Publié : 16/01/2017 - 11:18
par Laurent de Lyon
Arrogance juive : une tribune pour se moquer des « goyim »

Publié par le 15 Jan, 2017 | 0 commentaires

Slate est un média hyper anti-blanc, promouvant toutes les dégénérescences gauchistes. Néanmoins, il est stupéfiant qu’il ait l’arrogance de publier un article tel celui de (((Laurent Sagalovitsch))), à qui il faut reconnaître l’honnêteté d’avouer qu’il nous considère comme des subhumains.

Et oui, c’est paru en article « officiel » et non en article de blog.

Et non, pas d’indignation du côté des anti-racistes.

Slate https://www.slate.fr/story/134390/goy-explique-goyim :

Je l’avoue bien volontiers, j’adore prononcer ce doux mot de Goy. Je ne m’en lasse jamais. C’est une petite musique contenue en une seule syllabe qui m’enchante chaque fois que je l’utilise. Et je l’utilise à tort ou à travers. A la moindre occasion donnée. Pour me moquer de mes petits camarades qui ne seraient pas nés d’essence supérieure, c’est-à-dire juive.


Un blanc qui juge que la race blanche est, au vu de ses réalisations, franchement meilleure que les autres, est un « suprémaciste blanc » selon la doxa en vigueur. Un texte qui argumenterait en faveur de la thèse d’une supériorité blanche serait totalement impubliable dans le moindre média dominant.

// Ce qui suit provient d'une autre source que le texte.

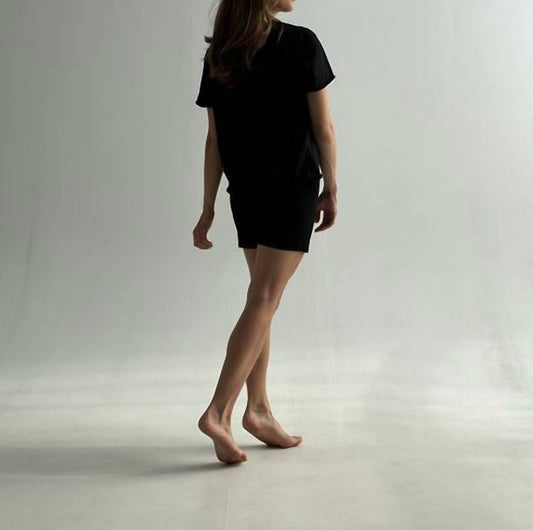 A Basic Brand - Women's Tshirt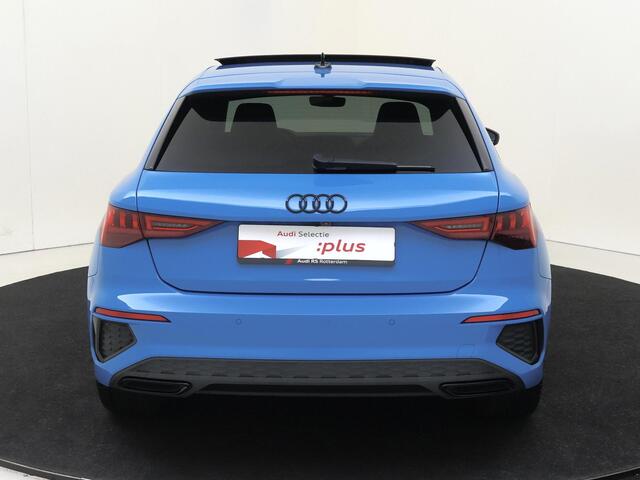 Audi A3 SPORTBACK 45 TFSI e S edition Competition | SoH 97% | Panoramadak | Achteruitrijcamera | LED matrix verlichting | Audi virtual cockpit | Keyless | Navigatie Plus | Cruise Control | Stoelverwarming |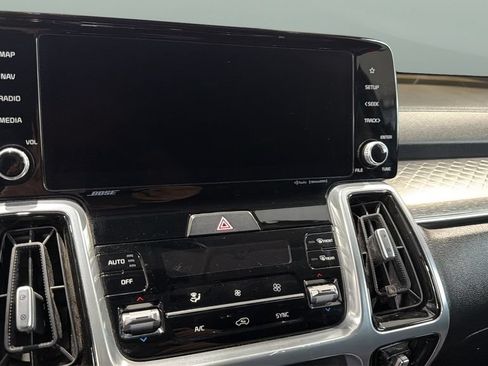 Used 2022 Kia Sorento SX FWD image 17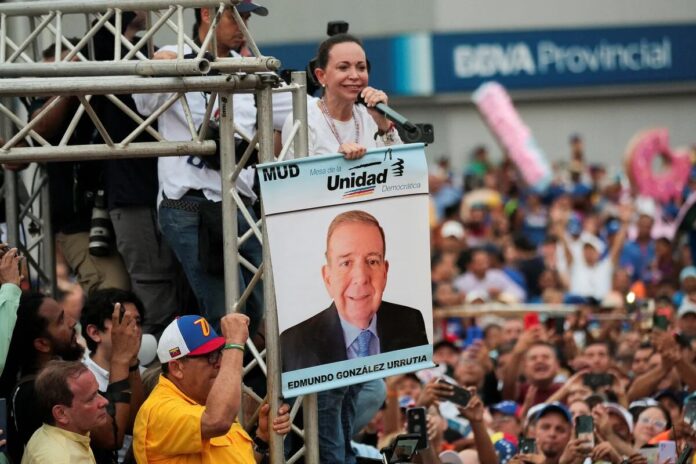 ¿Cómo la oposición en Venezuela busca revivir el entusiasmo electoral para derrotar a Nicolás Maduro tras el boicot de hace 6 años? ¿Cómo la oposición en Venezuela busca revivir el entusiasmo electoral para derrotar a Nicolás Maduro tras el boicot de hace 6 años?
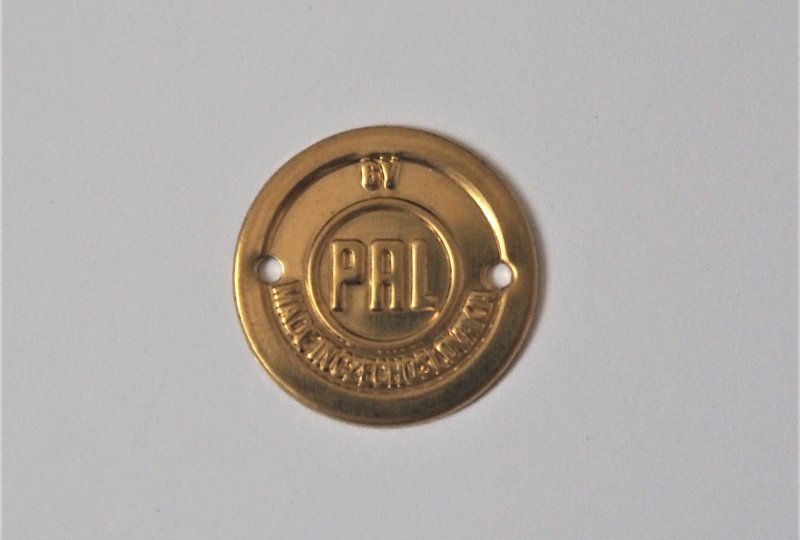 Znaczek klaksonu PAL, złoty, Jawa, CZ-photo1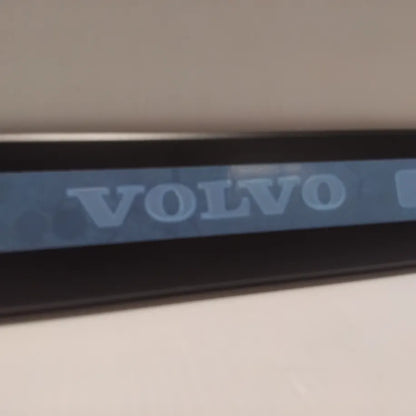 1x Genuine Front Sill Moulding - Volvo XC60 | 31349002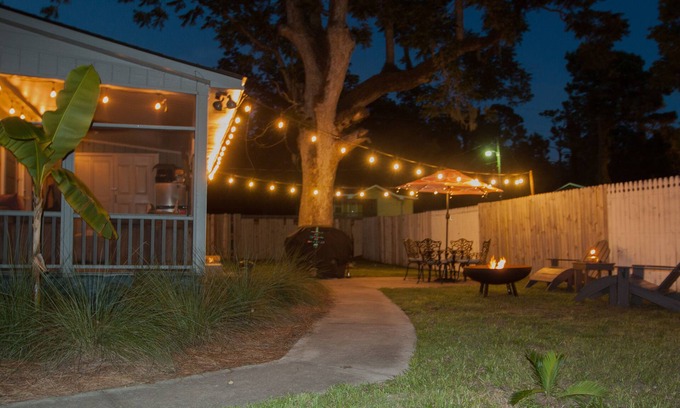 Mount Pleasant Cabaña | Cozy Little Shanty in the Heart of Coastal Living - 5 min to beach!!!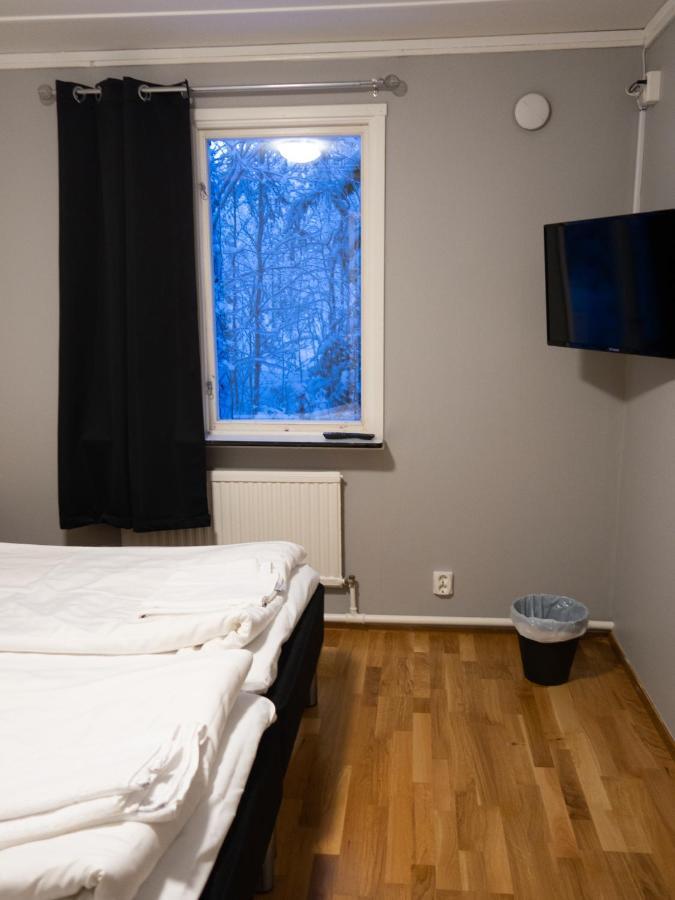 Hostel Skogsglaentan Storuman Buitenkant foto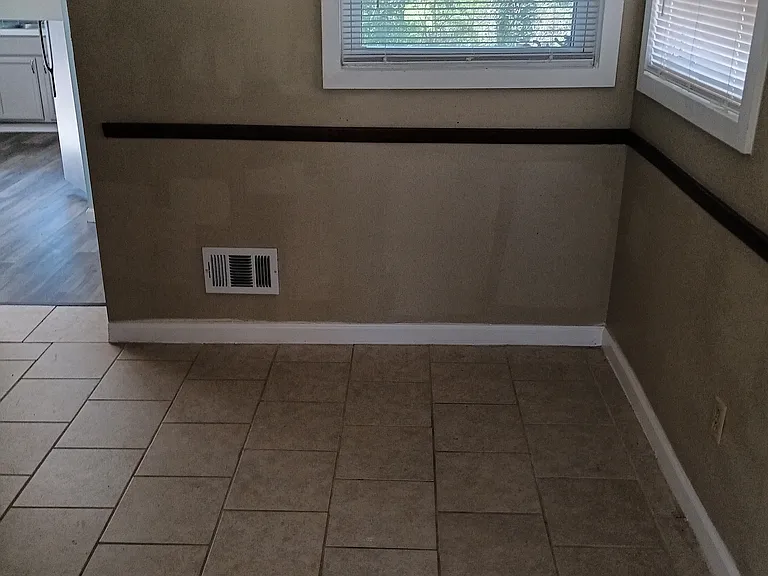 Pine Dr — Photo 12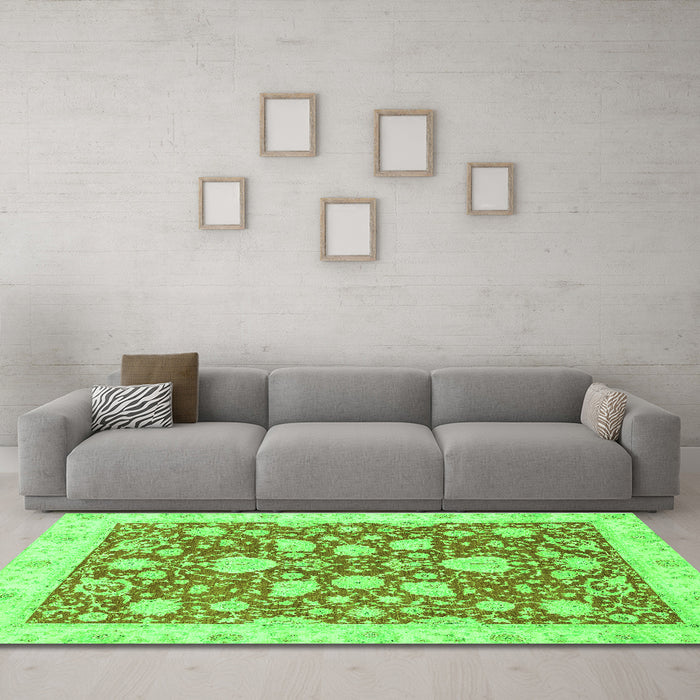 Machine Washable Oriental Green Traditional Area Rugs in a Living Room,, wshabs2424grn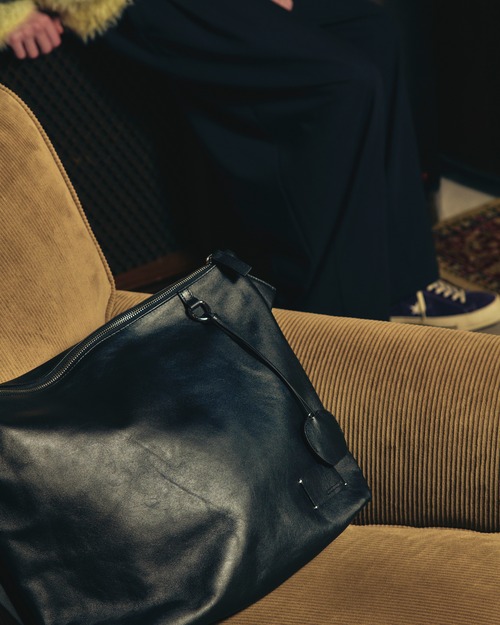 ADAM PATEK w/r leather medium shoulder bag (BLK) AP2629020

Par contre un youpin qui déclare ouvertement que les Juifs seraient d’une « essence supérieure », là ça passe tranquillement… Certes, (((Sagalovitsch))) ne fait que reprendre les enseignements traditionnels du judaïsme, mais pourquoi ceux-ci ne suscitent-ils pas le moindre murmure de réprobation de la part des médias ? La réponse n’est pas à chercher très loin : c’est le signe d’une profonde influence juive dans le domaine de l’information.

Afin de vilipender des comportements emprunts d’un esprit de charité bien trop chrétien pour être honnête. Dans le but de marquer ma radicalité d’avoir été circoncis à la naissance et non point plongé comme un vulgaire saumon dans un bain d’eau bénite.

Goy par-ci, goy par là chante à toute heure mon esprit.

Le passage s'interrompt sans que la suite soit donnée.